I FEEL LIKE A BOMBED OUT CATHEDRAL eponymous CD (Dirter Promotions, 2019)

Two lengthy pieces from Amaury Cambuzat of Ulan Bator, Faust and various other solo incarnations. His own musical field of interest is pretty broad, so it’s not easy to predict how any one of his releases will be. Always a good thing, of course, and before I was handed a copy of this by Steve of Dirter the only thing I had to go on was his own gushing over how he was so impressed by the music he felt compelled to release it. He gave no indication as to the minimalism/drone-led music in store, nor indeed to the fact that, if anything, this album owed something to the Faust & Tony Conrad approach to such matters rather than more recent nods in this direction. With his guitar often sounding akin to several organs glimmering away over the sound of a hearbeat, these two pieces hypnotically stretch out and unfurl exactly as one would anticipate from a master of his craft. Utterly spellbinding, these add up to something quite extraordinary, proving once again that this language still has much to express. (RJ)



JACINTHEBOX Incomplete 1984/86 LP (Supreme Tool Supplies, NL, 2018)

Gathering ten cuts previously issued between 1984 and 1986 on various low-key cassettes, some of which were compilations dedicated to post-punk/industrial offerings from Jacinthebox’s native The Netherlands, this collection is a rough ’n’ ready tumble into lo-fi electronics, barely played guitar spasms, muffled distorto vocals, piercing snatches of feedback and a drum machine apparently kept to the most basic of settings. At one point, what sounds like a tuneless recorder enters the fray, but it might be a guitar and as whatever it is struggles to create vaguely melodic shapes the entire track makes way for the next track’s full-on bludgeoning of chiselled hiss, static white noise and what may well have originally been intended to give early Consumer Electronics a run for their money. Jacques Van Bussel’s musical passions may well be evident here, but the sheer force of the often relentless pummel caught in the tornado whirl of untamed primal howl renders this a mighty document of early DIY music in its rawest of forms. Limited to 150 with a pasted-on piece of artwork to an otherwise plain white sleeve perfectly capturing the mood. This is the real deal. (RJ)



ALINA KALANCEA The 5th Apple CD (Storung Records, Germany, 2018)

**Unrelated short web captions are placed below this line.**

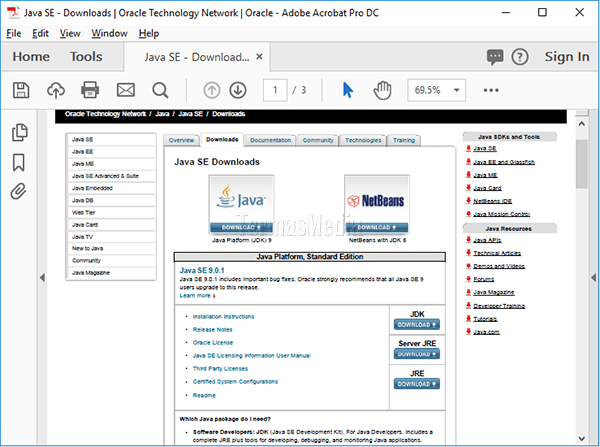 Mengkonversi laman web ke format pdf di Adobe Acrobat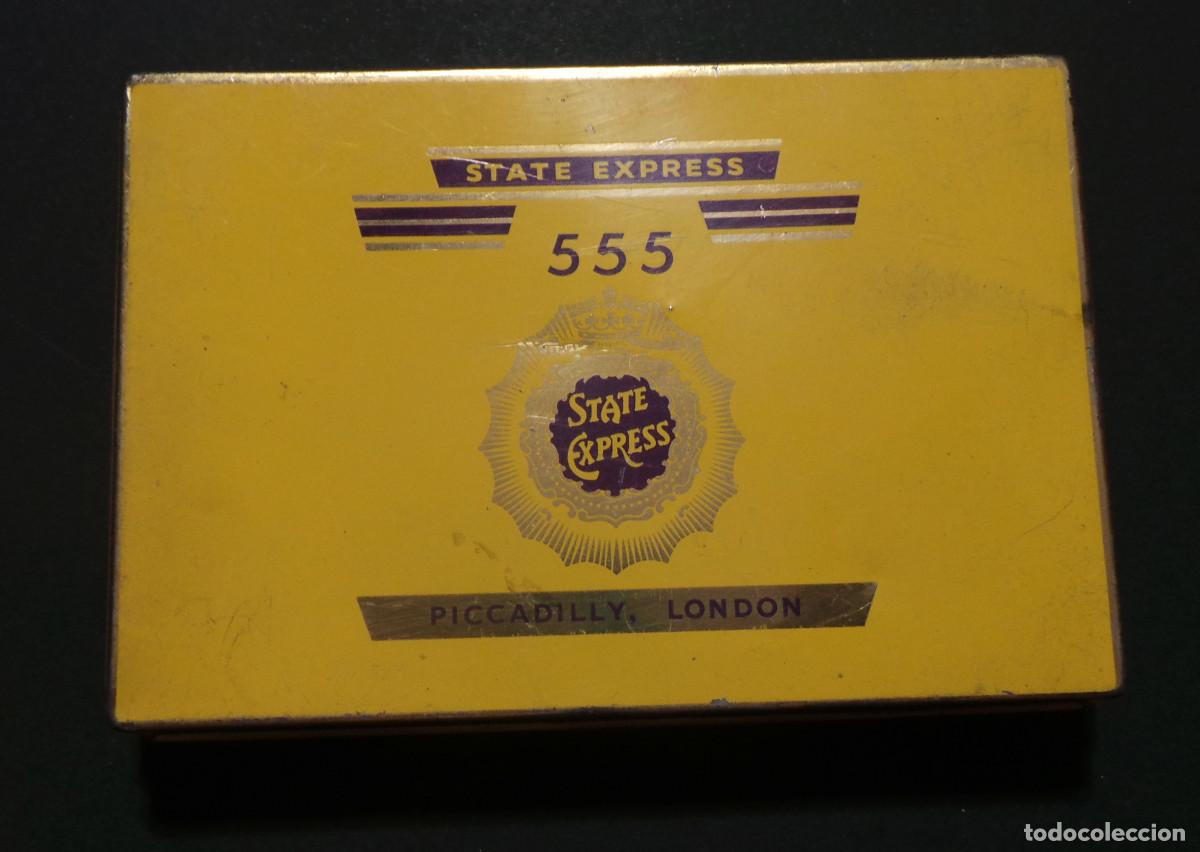 Caixas e caixinhas met&aacute;licas: CAJA MET&Aacute;LICA VINTAGE DE CIGARRILLOS STATE EXPRESS 555, UNA DE LAS MARCAS DE TABACO BRIT&Aacute;NICAS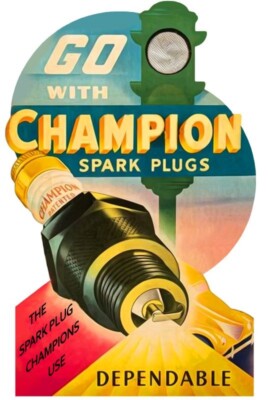 ac spark plug delco champion ラジオ　看板 ac spark plug delco champion ラジオ 看板 ac spark plug delco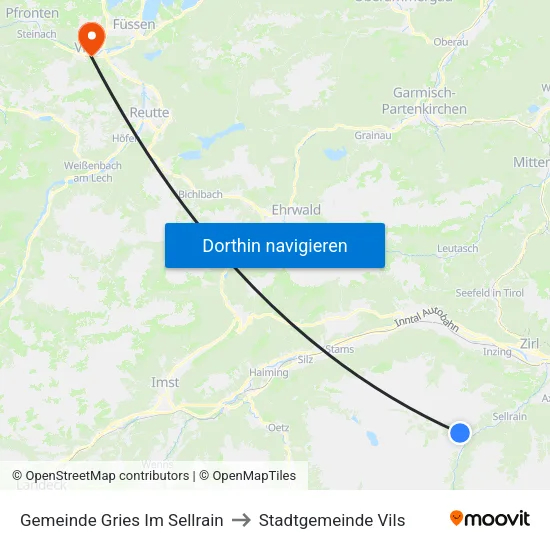 Gemeinde Gries Im Sellrain to Stadtgemeinde Vils map
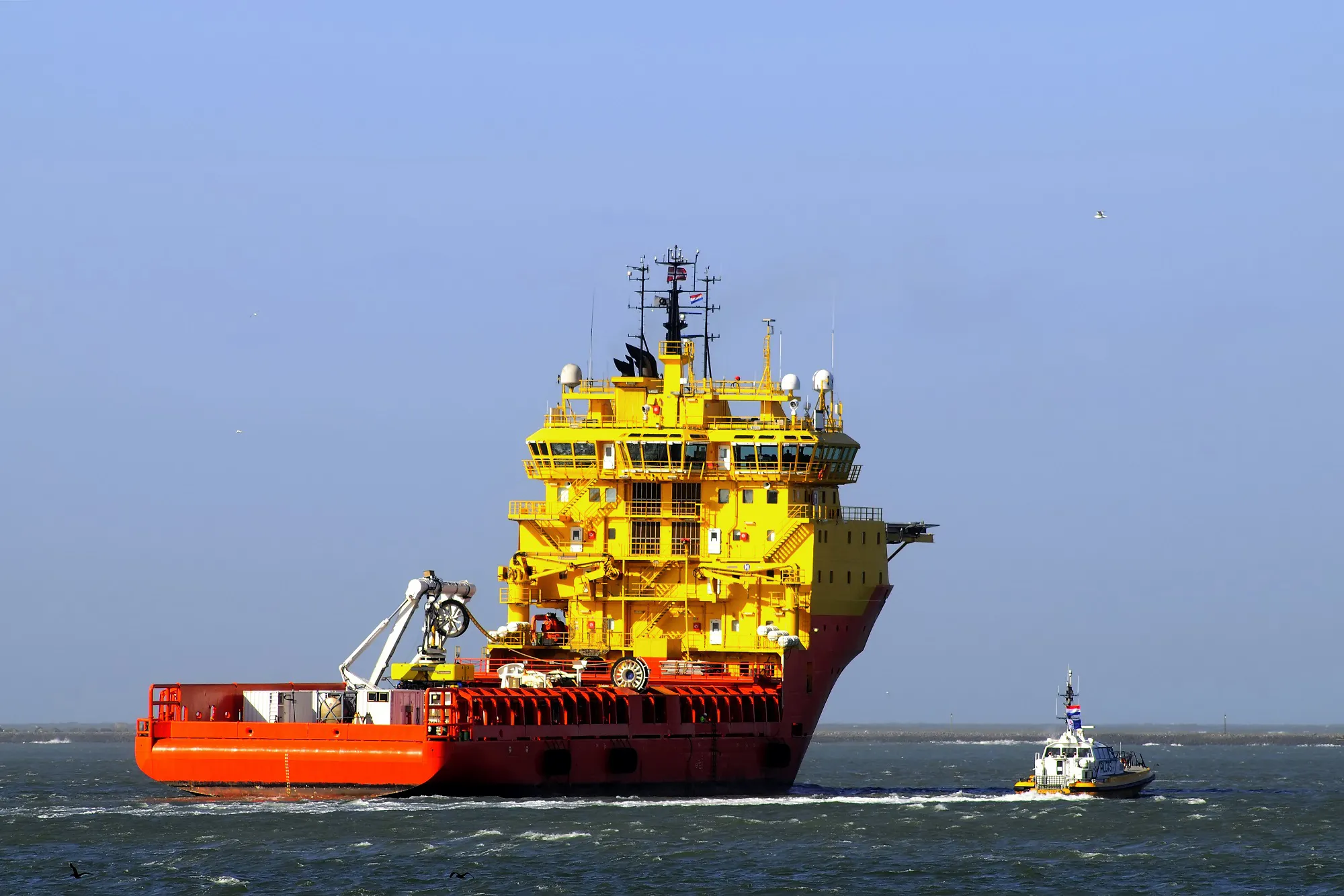 A primary function of a platform supply vessel is to transport supplies to the oil platform and return other cargoes to shore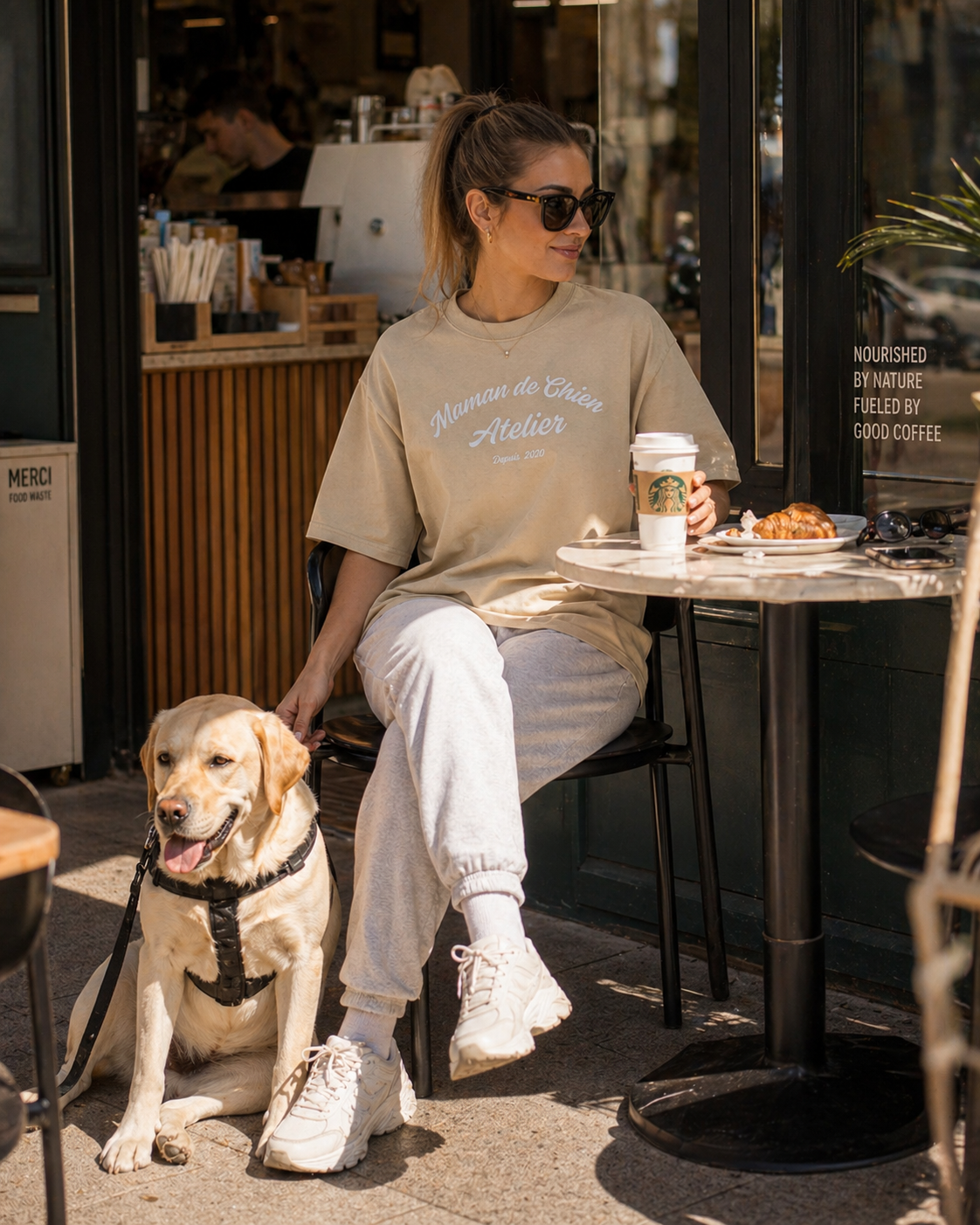 Maman de Chien Atelier in Heritage Script-Oversized Heavyweight Tee -Personalised Dog Mum T-shirt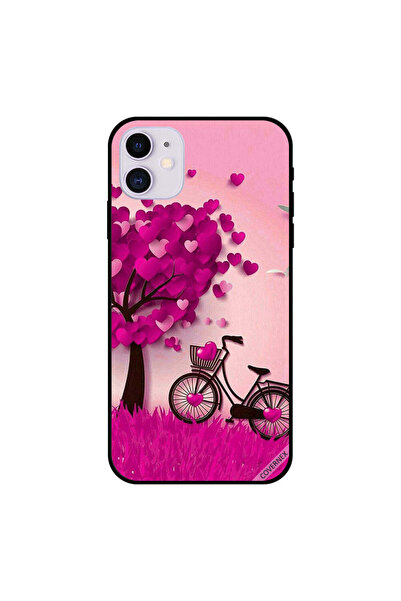 Covernex غطاء حماية لجهاز iPhone 11 بنقشة قلوب وردية وشجرة ودورة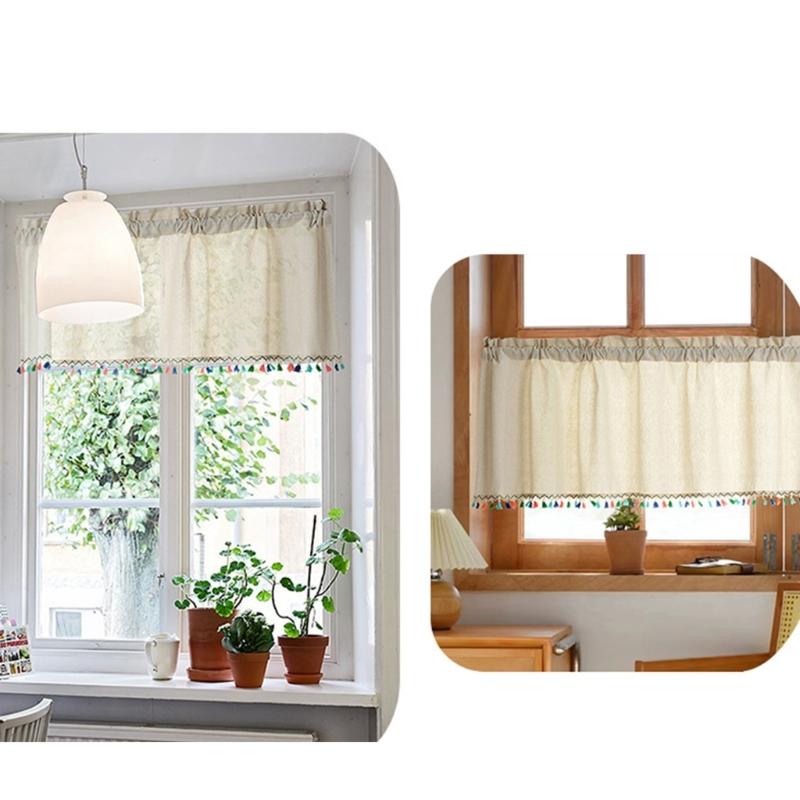 Short Curtain With Colorful Tassels For Home Decors Semi Sheer Window Drape Valance Panel Easy Installation Rod Pocket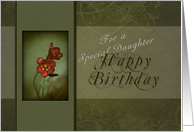 Special Daughter - Happy Birthday, Flower with Green Background card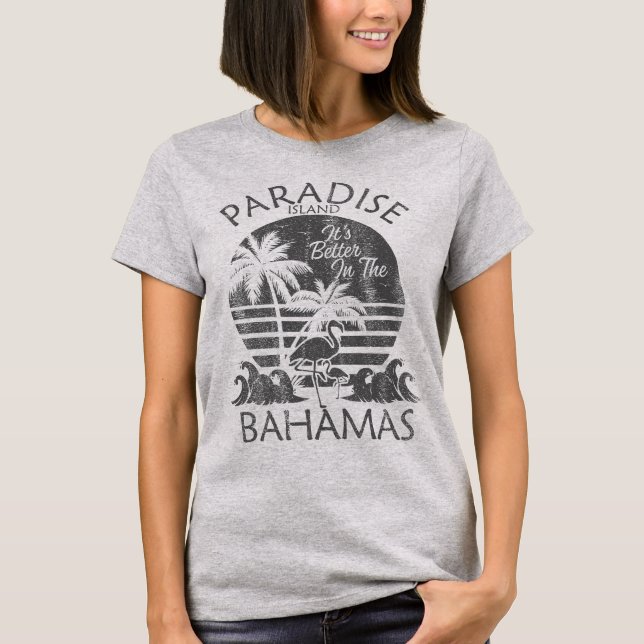 Paradise Insel Bahamas Urlaub Bahamas Schifffahrt T-Shirt (Vorderseite)
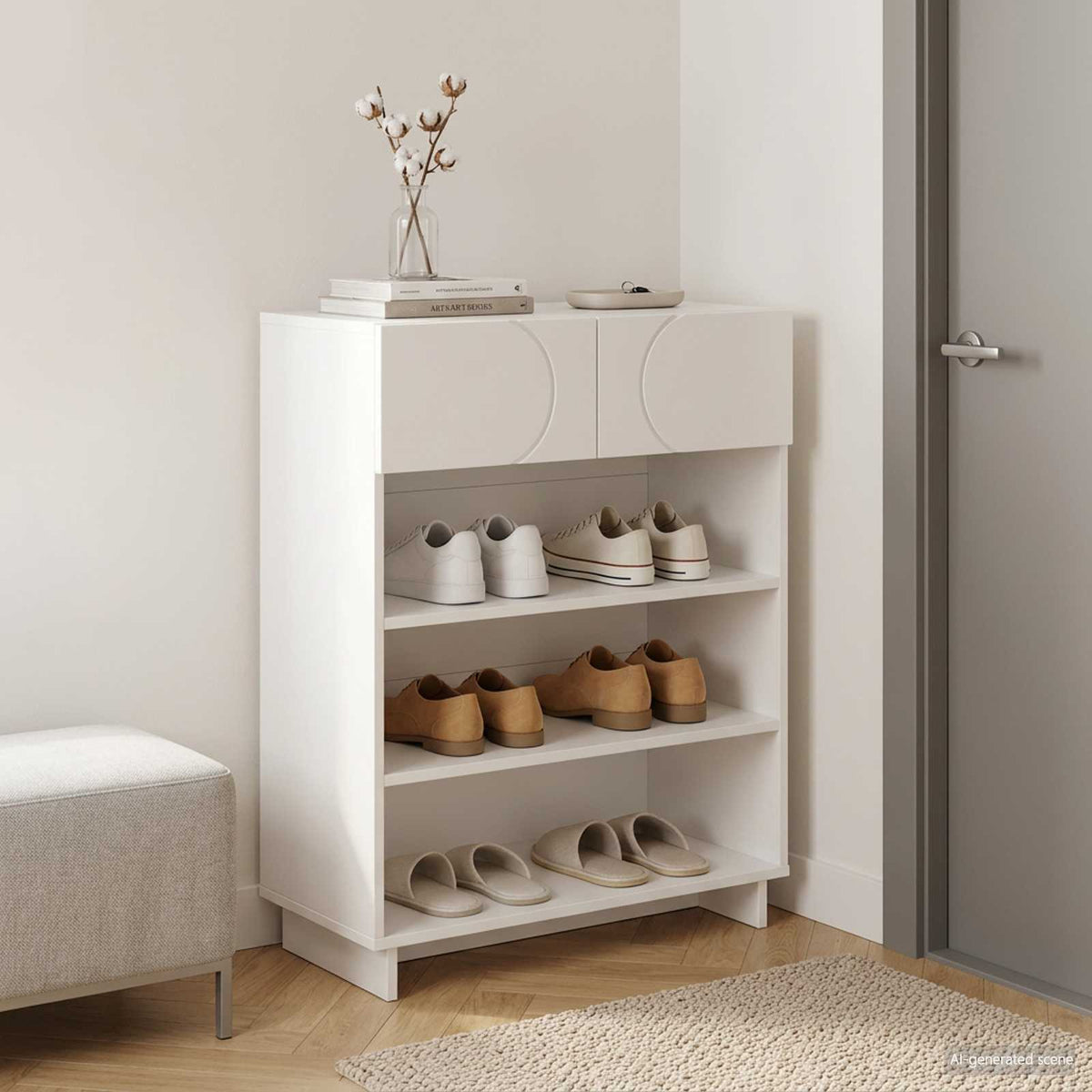 Schoenenkast 73 x 38 x 87,5 cm Bewerkt hout Wit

Romanian-born sound artist Alina Kalancea’s beginnings in electronic composition approximately began seven years back and that interim period saw her dipping her toes into different sub-genres of the digital/analogue worlds, in order to hone an individual voice for live and studio situations. Not too easy a task to steer a way through the ever-heaving throng in the avant rockpile, all anxious for their day in the sun. But… that vast yellow orb really doesn’t get a look-in with ..Apple. That black sleeve art with a grainy partial portrait of the artist in question (?) supports a compositional frame of mind where natural light is phased out in favour of all things crepuscular, with dimly-lit, yet telling contributions from cellist/arranger Julia Kent, Raven Bush and co-writer/Storung label boss Alex Gamez.

The opening spoken-word piece ‘Imbalance2’ immediately sets out its stall. “The more we give, the less we have, imbalance is the only privilege we have…”. The insidious, whispering tones hovering over analogue burble, reminiscent of Robert Moog’s early tinkering. Other poems/recitations like ‘Fears’ and ‘Devil’s Lullaby’ seem to mine the same chin-on-floor despondency and come sandwiched between atmospheric instro pieces, leaning heavily on the blackened drone option.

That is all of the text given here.